The final step in overcoming depression is to let go of the past. A woman shared that her best friend ran off with her husband ten years earlier. She was deeply hurt by this incredible betrayal. She thought her life was ruined by those adulterers, and there was nothing she could do about it. For ten years she smoldered in bitterness and depression. Feelings of resentment and plots of revenge ruminated in her mind. I told her, I see you with one fist extended up to heaven where God has a firm grip on you. Your other fist is hanging on to your past and you aren’t about to let go. You are not even hanging onto God, but your heavenly Father is hanging on to you, His beloved child. Isn’t it time to let it go? You are only hurting yourself. At the end of the conference she worked through the “Steps To Freedom In Christ,” and she let it go. The next morning she was singing in choir with a countenance of a liberated child of God.

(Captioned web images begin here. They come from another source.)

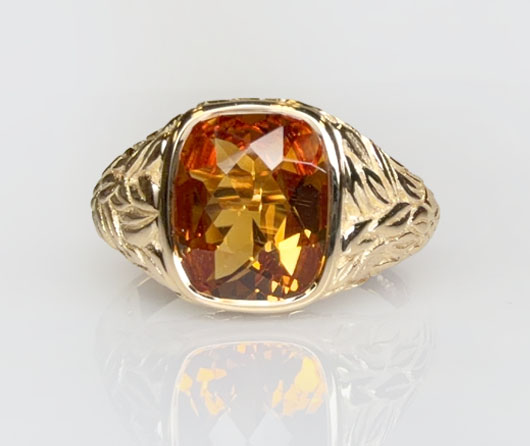 Sunset Before the Storm, Amber-Gold Citrine Ring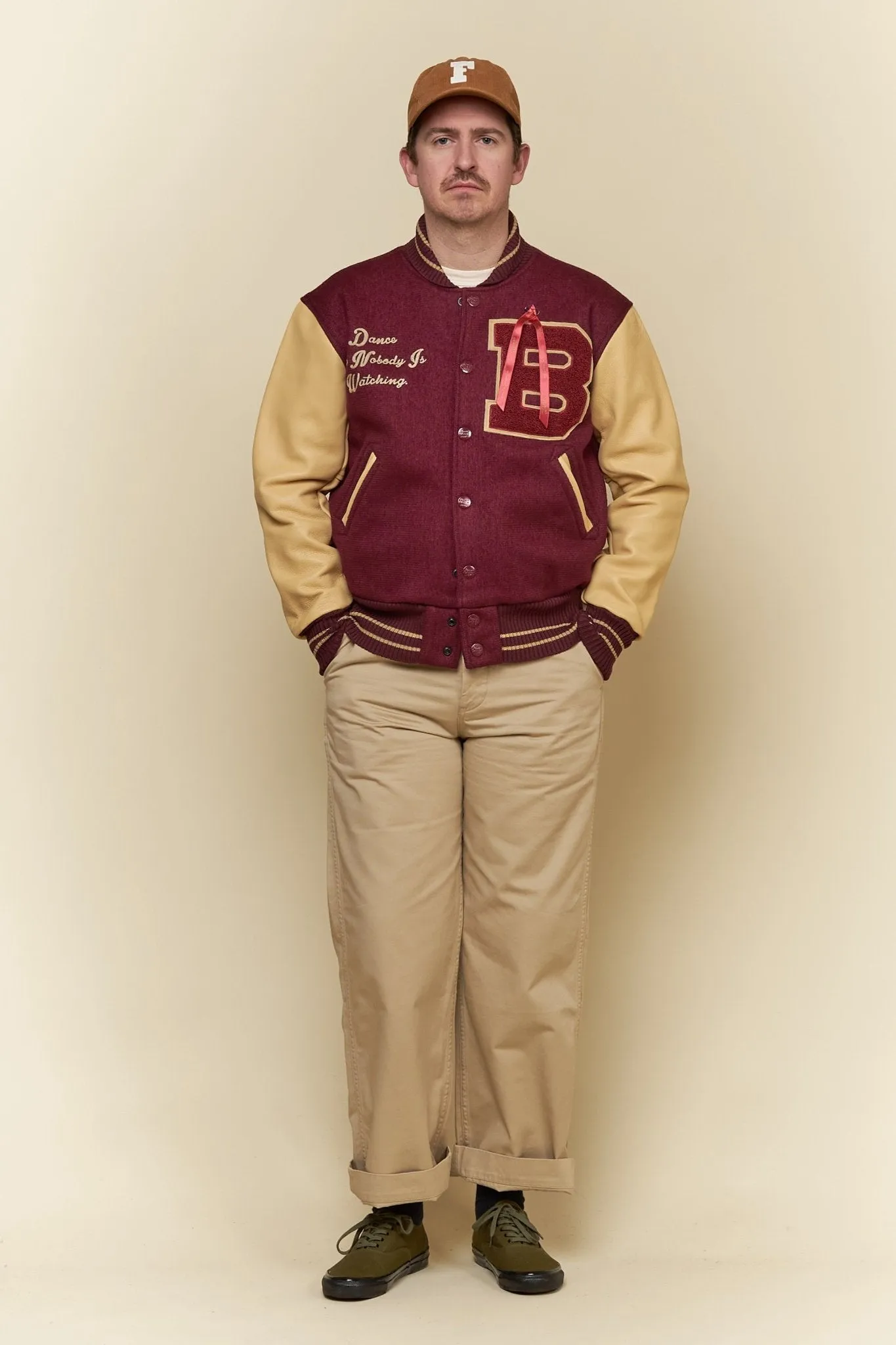 Brown's Beach Varsity Jacket - Burgundy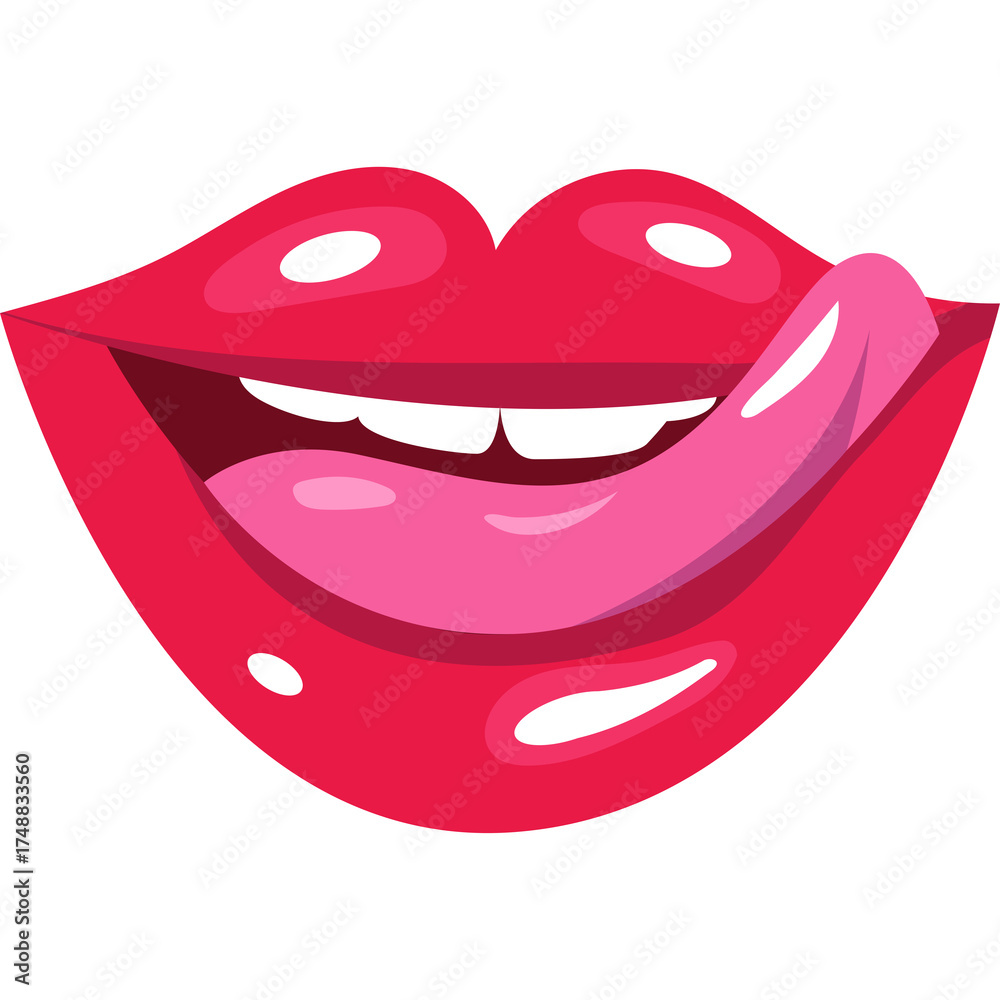 Obraz premium Close up of a woman's shiny red lips with pink tongue sticking out sensually against a white background symbolizing desire or expression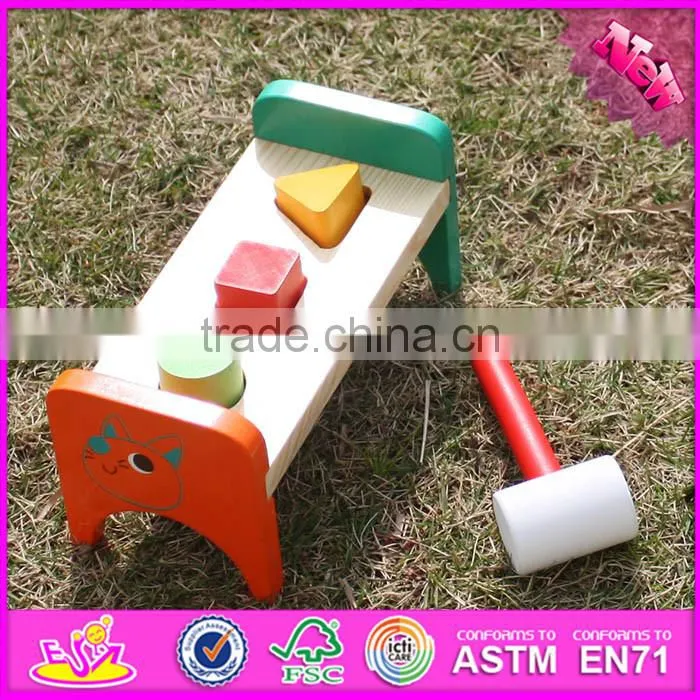 2016 new design baby toy wooden pounding bench W11G026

Once I held in my tightly clinched fist . . . ashes. Ashes from a burn inflicted upon my ten year-old body. Ashes I didn’t ask for. The scar was forced on me. And for seventeen years the fire smoldered. I kept my fist closed in secret, hating those ashes, yet unwilling to release them. Not sure if I could. Not convinced it was worth it. Marring the things I touched and leaving black marks everywhere . . . or so it seemed. I tried to undo it all, but the marks were always there to remind me that I couldn’t. I really couldn’t.  But God could! His sweet Holy Spirit spoke to my heart one night in tearful desperation. He whispered, “I want to give you beauty for your ashes, the oil of joy for your mourning and the garment of praise for your spirit of heaviness.” I had never heard of such a trade as this: Beauty? Beauty for ashes? My sadly stained memory – for the healing in His word. My soot-like dreams for His songs in the night? My helpless and hurting emotions for His ever constant peace?

How could I be so stubborn as to refuse an offer such as this? So willingly, yet in slow motion and yes, while sobbing, I opened my bent fingers and let the ashes drop to the ground. In silence, I heard the wind blow them away. Away from me . . . forever. I am now able to place my open hands gently around the fist of another hurting soul and say with confidence, “Let them go. There really is beauty beyond your comprehension. Go ahead – trust Him. His beauty for your ashes. Author Unknown.